Julius Lester
From the Other Side of the Tracks
July 23, 1968 will have to go down in the history of the black revolutionary struggle as a day of even more importance than July 25, 1967 (Detroit) and August 11, 1965 (Watts). It was on Tuesday night, July 23, that a small group of black men set up an ambush for the police in the streets of Cleveland, Ohio. They set it well and carefully: “... there were telephone complaints about an abandoned, stripped white Cadillac left on Beulah St.,” wrote the New York Post’s Jimmy Breslin. “The police tow truck came up to the Cadillac, shots came from three directions. The driver was a civilian employee. He was not hit. He was doing what they wanted him to do, radio for help. They would use their aim later.”
The police responded to the call for help, “and the first three cars pulled in and stopped. There was no shooting. The cops jumped out. Right away, heavy firing started. Louis Golonka sprang up and started running. Running in his black cop’s shoes to make the corner, and he was in the middle of a stride when they got him and he went down on his face. Willard Wolff came away from the wall and ran toward Golonka. He was almost to Golonka and he was holding his hands out to grab for Golonka when he was hit and went down. He did not move. Leroy Jones, a lieutenant, came after the two of them and people were yelling at him, but Jones couldn’t hear them in the noise and he was running when he was shot in the head and he fell on his face and died alongside a mailbox.”
In fifteen minutes it was all over.

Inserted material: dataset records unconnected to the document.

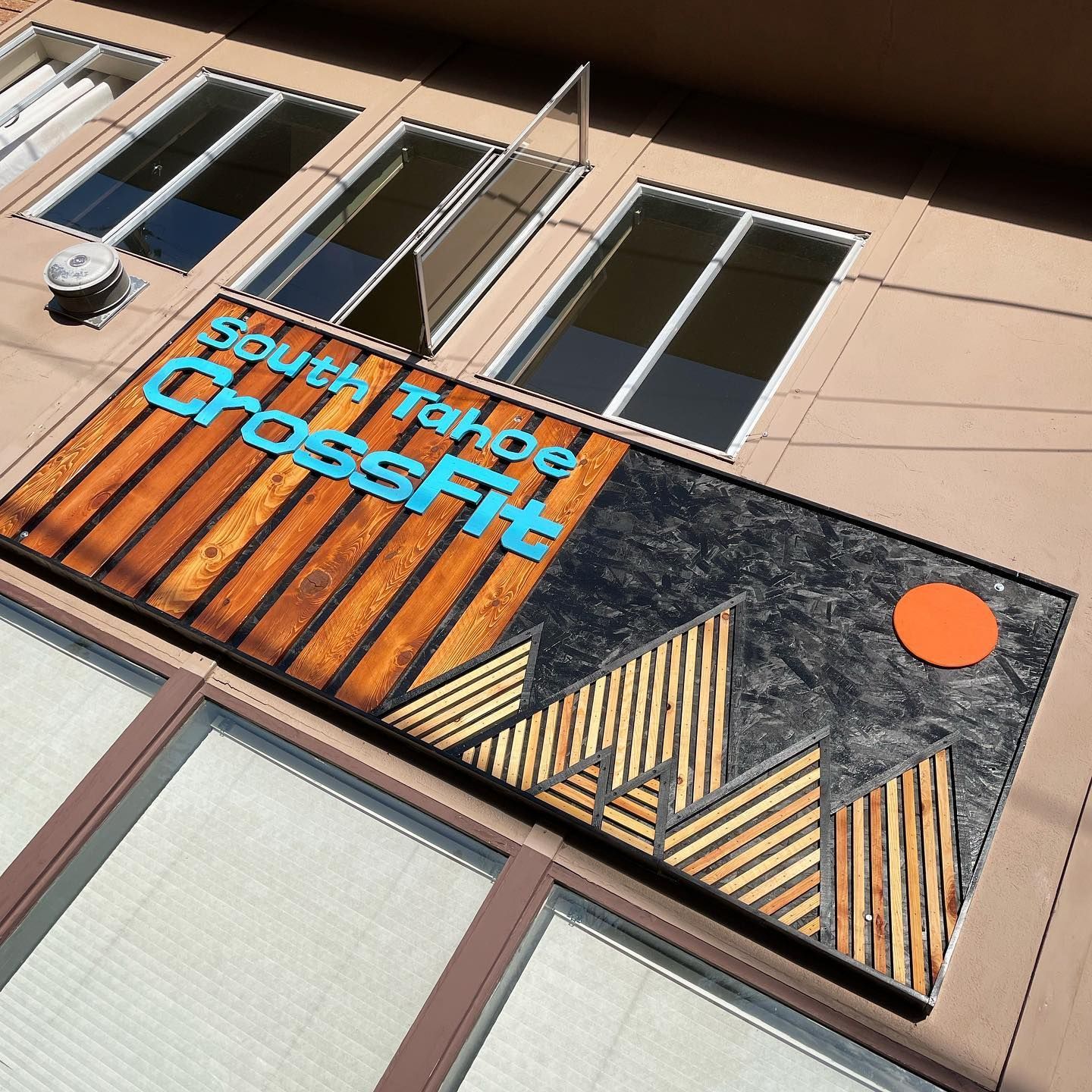 South Tahoe CrossFit sign on building exterior, blue text, wooden and abstract mountain design, orange sun.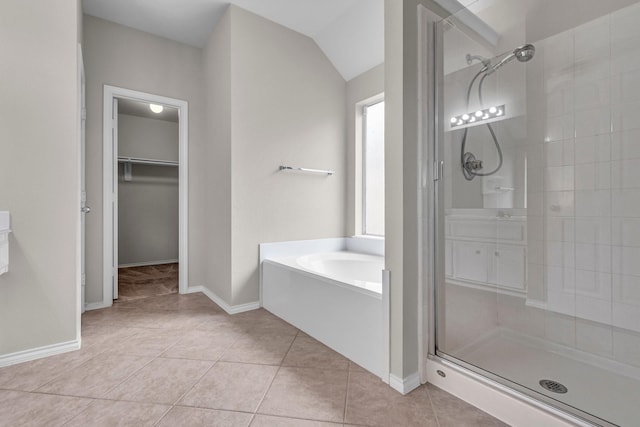 bathroom with tile patterned flooring, shower with separate bathtub, and vaulted ceiling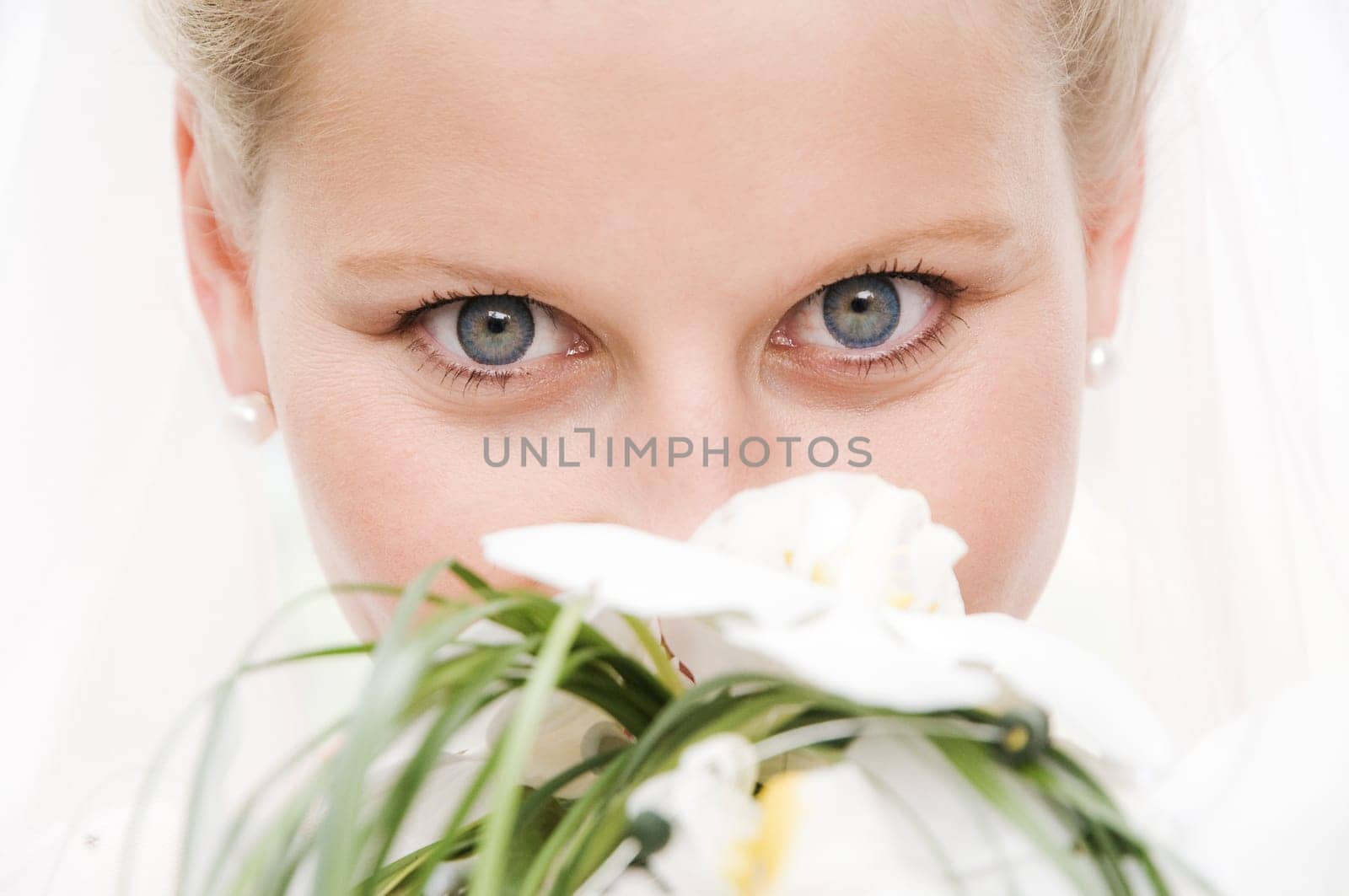 Blonde bride with very beautiful eyes with veil and bridal bouquet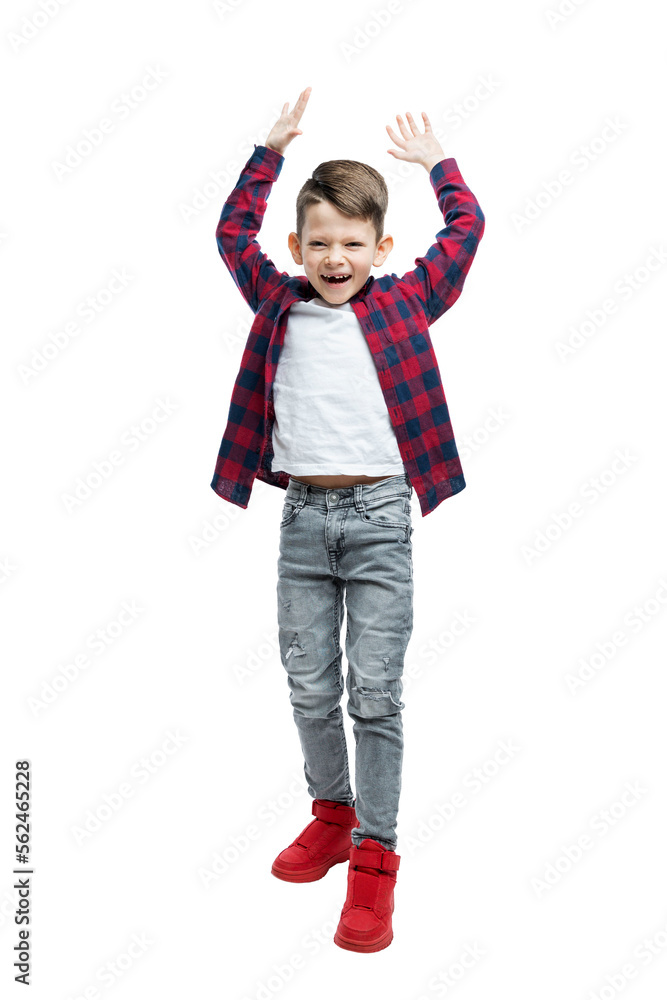 A cute joyfully screaming and laughing boy 5-6 years old in jeans, a white T-shirt and a red plaid shirt. Optimism and positivity. Full height. Isolated on white background. Vertical. A cute joyfully screaming and laughing boy 5-6 years old in jeans, a white T-shirt and a red plaid shirt. Optimism and positivity. Full height. Isolated on white background. Vertical.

Three cops were dead and fourteen wounded. Seven blacks died and one was wounded. Of those blacks killed, four were believed to have been guerrillas. The other three were fair game for the cops who killed them.
In military terms, it was a clear victory for the guerrillas. The police suffered 17 casualties. The black community, seven. Mayor Carl Stokes quickly rounded up some of the best-known black nationalists in town. He was in trouble and had to arrest somebody in a hurry. One of the nationalists, Fred Ahmed Evans, claims that he was the organizer of the group who carried out the ambush. That may be. But then again, it may not. There was no political need for Evans to volunteer any information to the police. The deed had been done and it spoke eloquently for itself. Politically, it would’ve been wiser for Evans to yell, “Frameup!” But maybe the brother’s on an ego trip.
Carl Stokes handled the overall situation very well. His purpose for being in office was to keep “those people” in line and in circumstances which would have sent a white mayor into a panic, Stokes showed that he could keep “those people” in line. Although he’d had the Governor call up the National Guard; he decided against immediately putting the Guard in the black community. Instead he called together every Negro who had ever applied the name leader to himself and put upon them and the Negro policeman the responsibility of keeping the ghetto quiet. It was a gamble, and it-worked to a greater degree than Stokes’ white bosses had anticipated. Although there were some burnings and liberating of stores (looting) the night following the ambush, the People did not take to the streets as they would have had the Guard been in the community.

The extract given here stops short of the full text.